> **YOUR GOAL**:
Every line from the one with "Cogeneration Plants" to the final line of the records should be printed exactly as it is, with pictures left out.

----------------

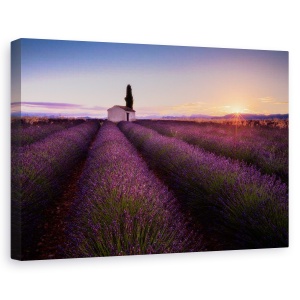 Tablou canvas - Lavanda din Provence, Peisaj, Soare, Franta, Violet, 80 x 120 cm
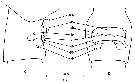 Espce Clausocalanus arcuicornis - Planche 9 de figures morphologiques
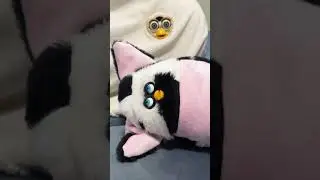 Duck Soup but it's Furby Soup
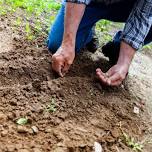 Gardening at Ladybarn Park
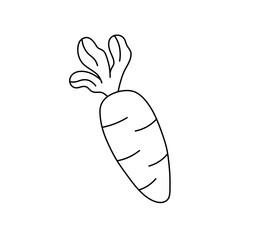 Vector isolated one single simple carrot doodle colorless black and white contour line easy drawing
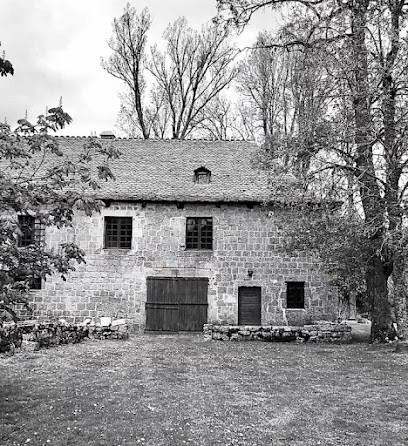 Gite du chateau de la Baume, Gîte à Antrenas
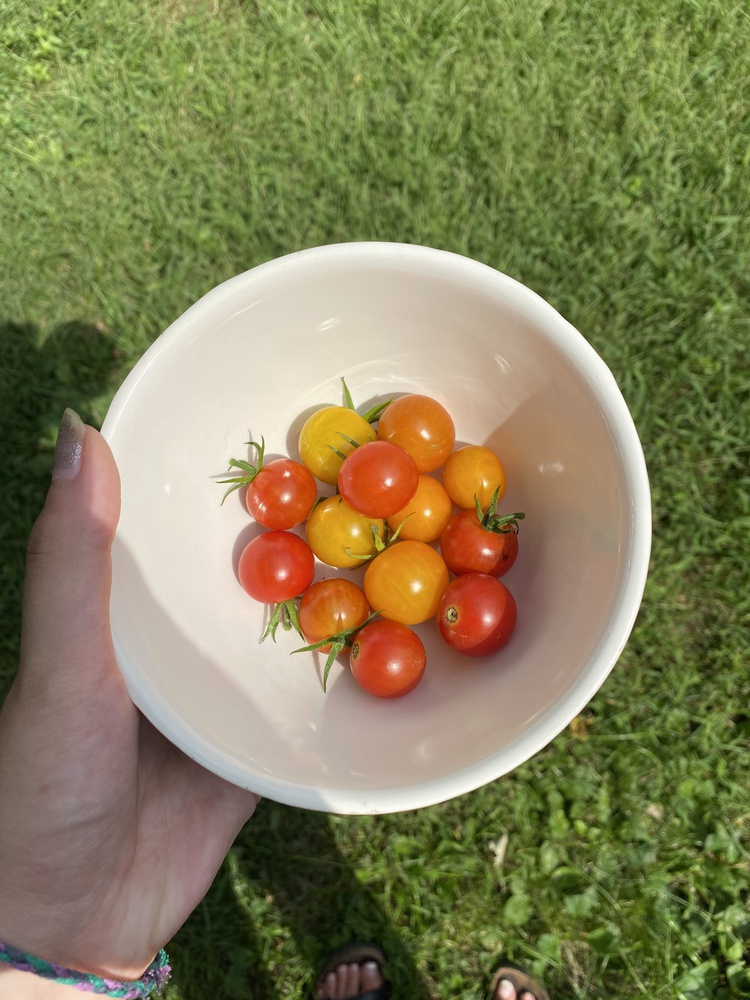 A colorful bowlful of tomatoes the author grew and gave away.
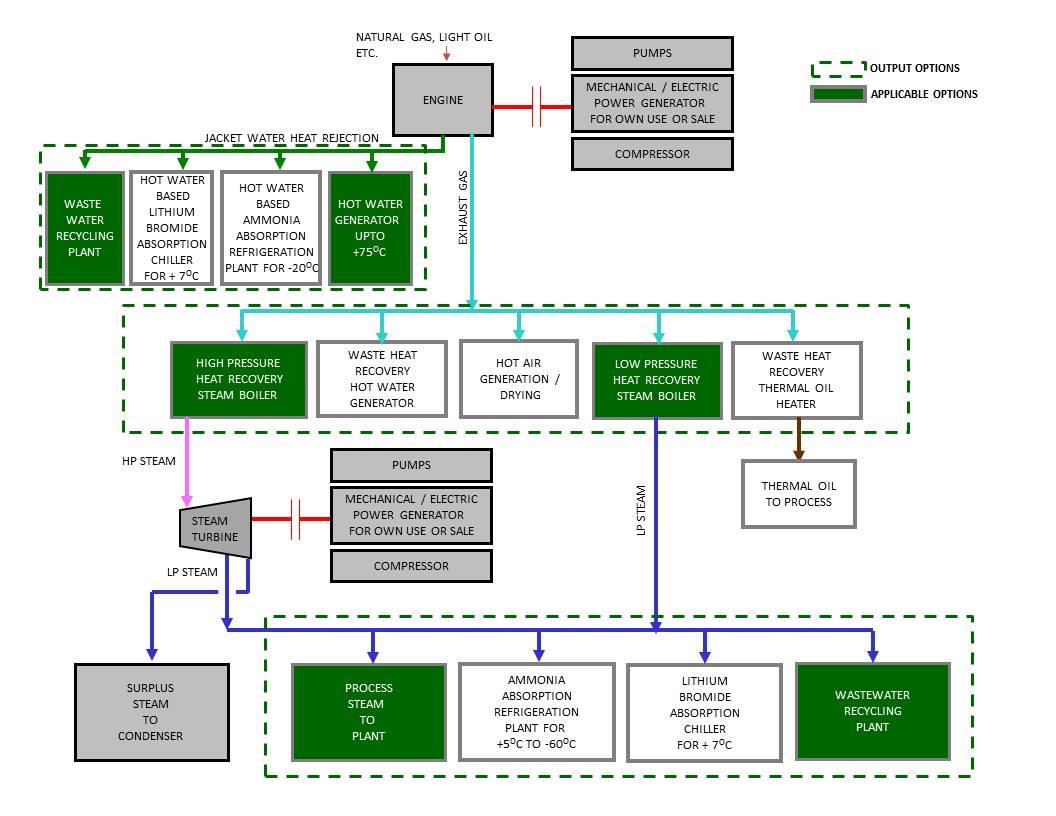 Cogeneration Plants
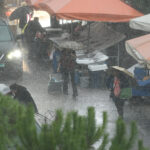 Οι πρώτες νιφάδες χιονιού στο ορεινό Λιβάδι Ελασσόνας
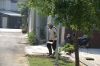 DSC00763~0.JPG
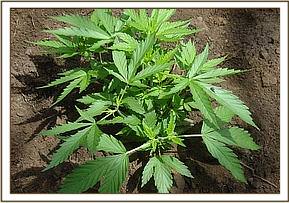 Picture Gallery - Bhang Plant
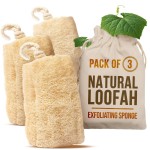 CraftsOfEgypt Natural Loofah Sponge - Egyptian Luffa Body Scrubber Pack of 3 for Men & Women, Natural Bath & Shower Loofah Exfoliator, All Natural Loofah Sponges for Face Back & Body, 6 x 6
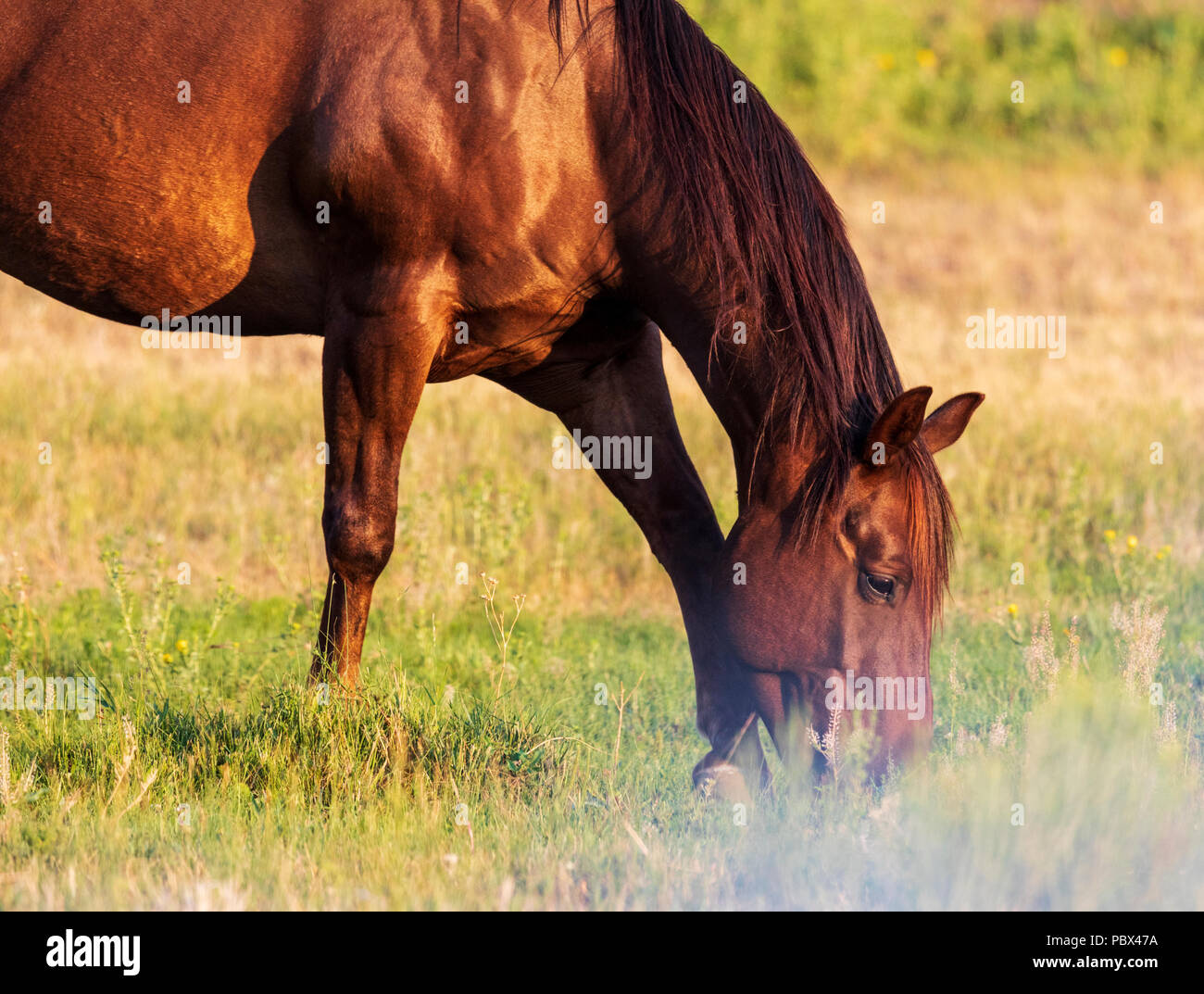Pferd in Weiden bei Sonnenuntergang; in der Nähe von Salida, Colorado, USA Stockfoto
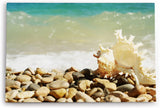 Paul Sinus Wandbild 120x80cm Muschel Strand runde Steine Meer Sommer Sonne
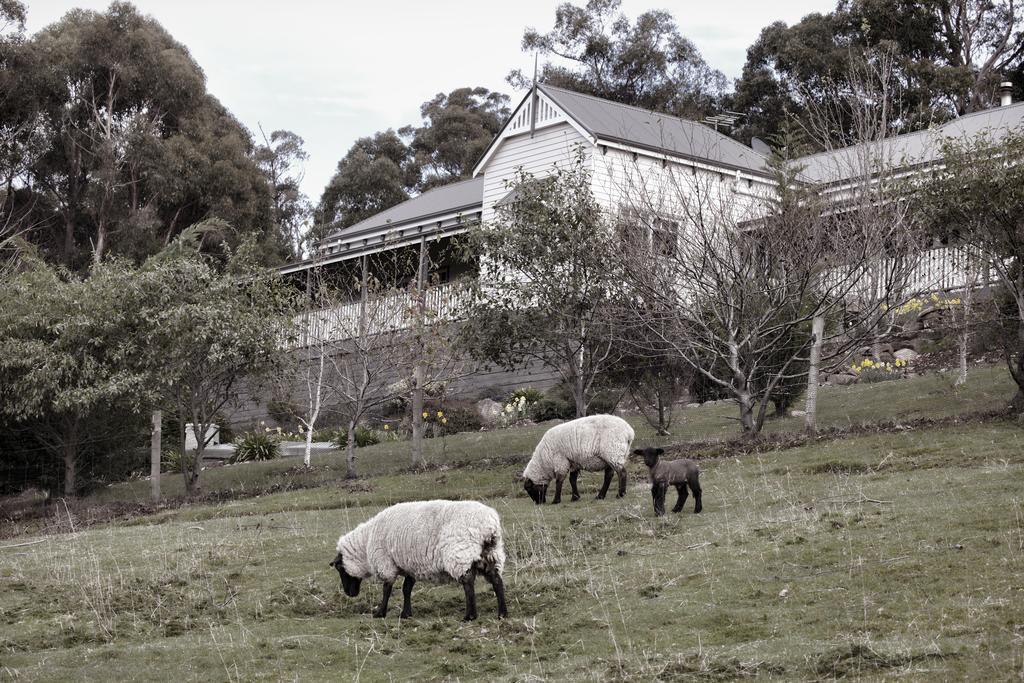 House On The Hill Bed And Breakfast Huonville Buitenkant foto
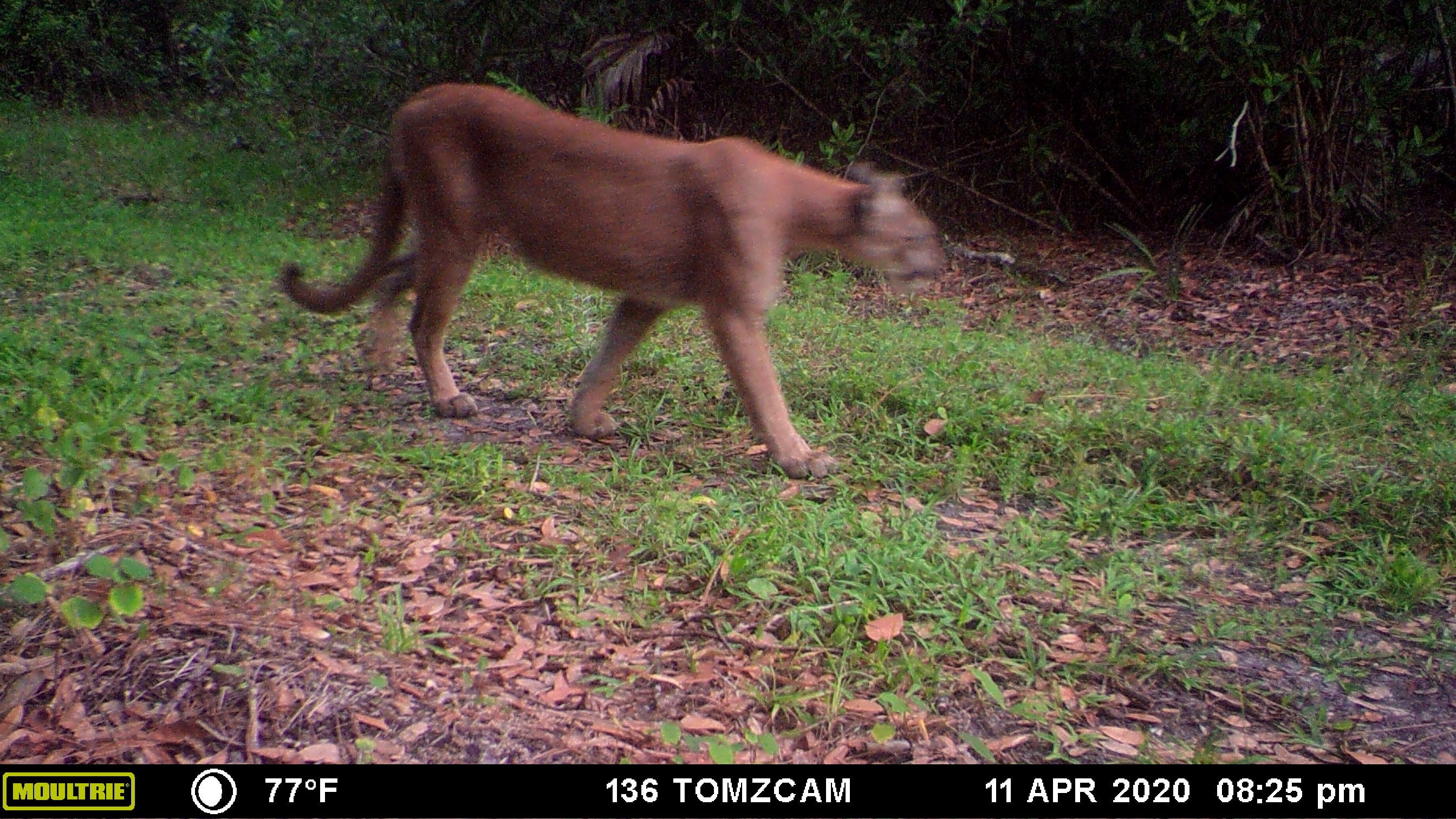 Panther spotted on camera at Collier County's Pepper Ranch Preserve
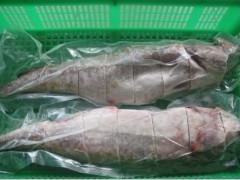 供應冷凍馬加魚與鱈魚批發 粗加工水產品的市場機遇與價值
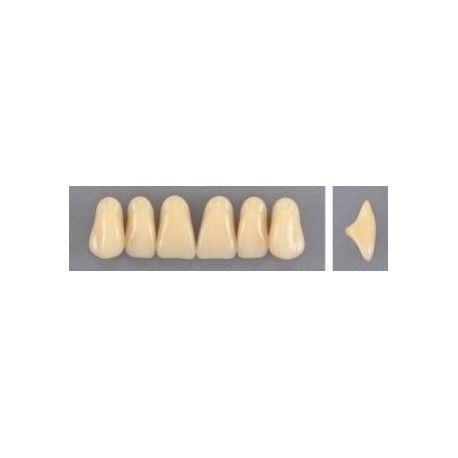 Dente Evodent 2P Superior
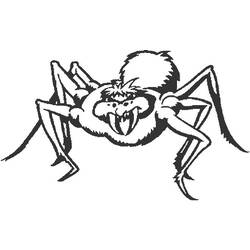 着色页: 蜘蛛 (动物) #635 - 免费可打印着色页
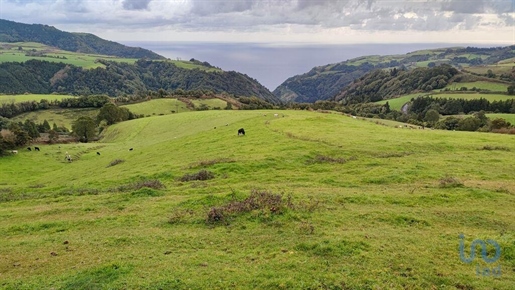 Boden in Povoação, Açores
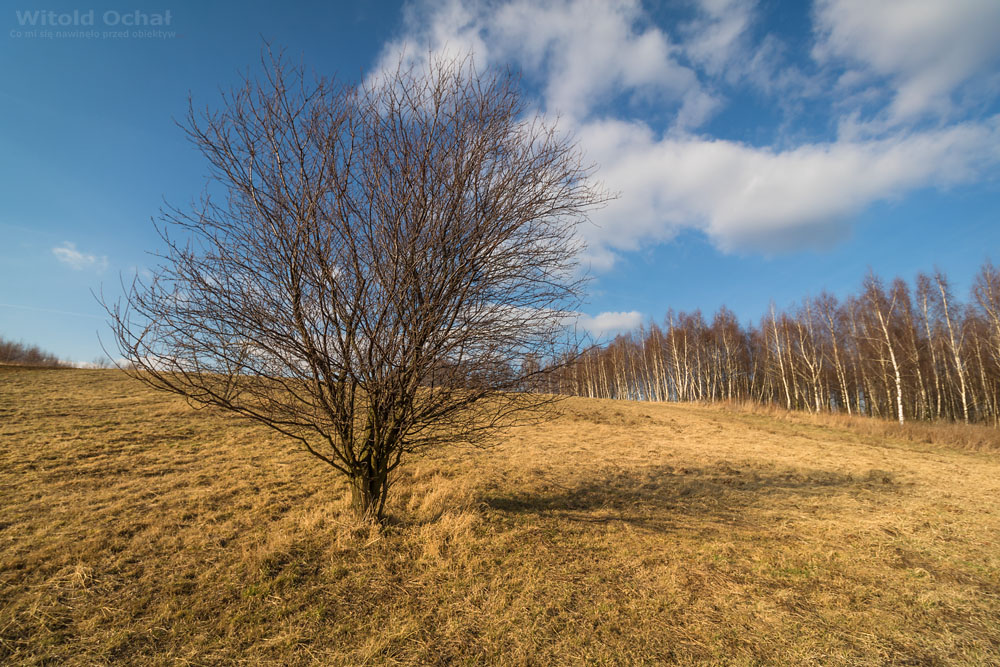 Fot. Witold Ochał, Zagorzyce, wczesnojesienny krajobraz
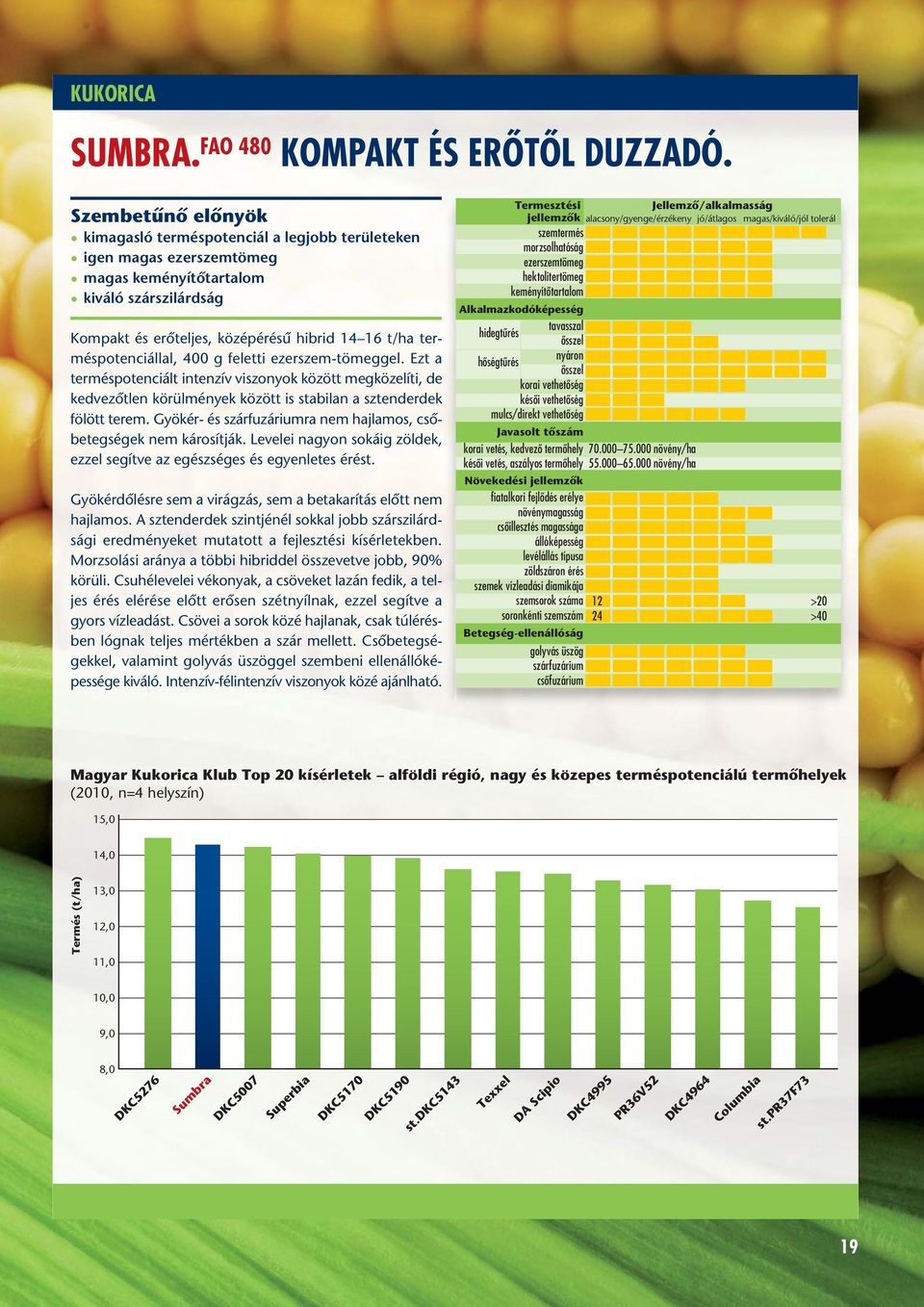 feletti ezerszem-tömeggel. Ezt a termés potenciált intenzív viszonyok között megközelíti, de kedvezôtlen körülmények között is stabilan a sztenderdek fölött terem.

----------------

> **TASK SOLUTION**:
 Cogeneration Plants
 Οι πρώτες νιφάδες χιονιού στο ορεινό Λιβάδι Ελασσόνας
 DSC00763~0.JPG
 Picture Gallery - Bhang Plant
 CraftsOfEgypt Natural Loofah Sponge - Egyptian Luffa Body Scrubber Pack of 3 for Men & Women, Natural Bath & Shower Loofah Exfoliator, All Natural Loofah Sponges for Face Back & Body, 6 x 6
Pferd in Weiden bei Sonnenuntergang; in der Nähe von Salida, Colorado, USA Stockfoto
 Paul Sinus Wandbild 120x80cm Muschel Strand runde Steine Meer Sommer Sonne
 House On The Hill Bed And Breakfast Huonville Buitenkant foto
 Panther spotted on camera at Collier County's Pepper Ranch Preserve
 供應冷凍馬加魚與鱈魚批發 粗加工水產品的市場機遇與價值
 Dente Evodent 2P Superior
 着色页: 蜘蛛 (动物) #635 - 免费可打印着色页
 Boden in Povoação, Açores
 Fot. Witold Ochał, Zagorzyce, wczesnojesienny krajobraz
 feletti ezerszem-tömeggel. Ezt a termés potenciált intenzív viszonyok között megközelíti, de kedvezôtlen körülmények között is stabilan a sztenderdek fölött terem.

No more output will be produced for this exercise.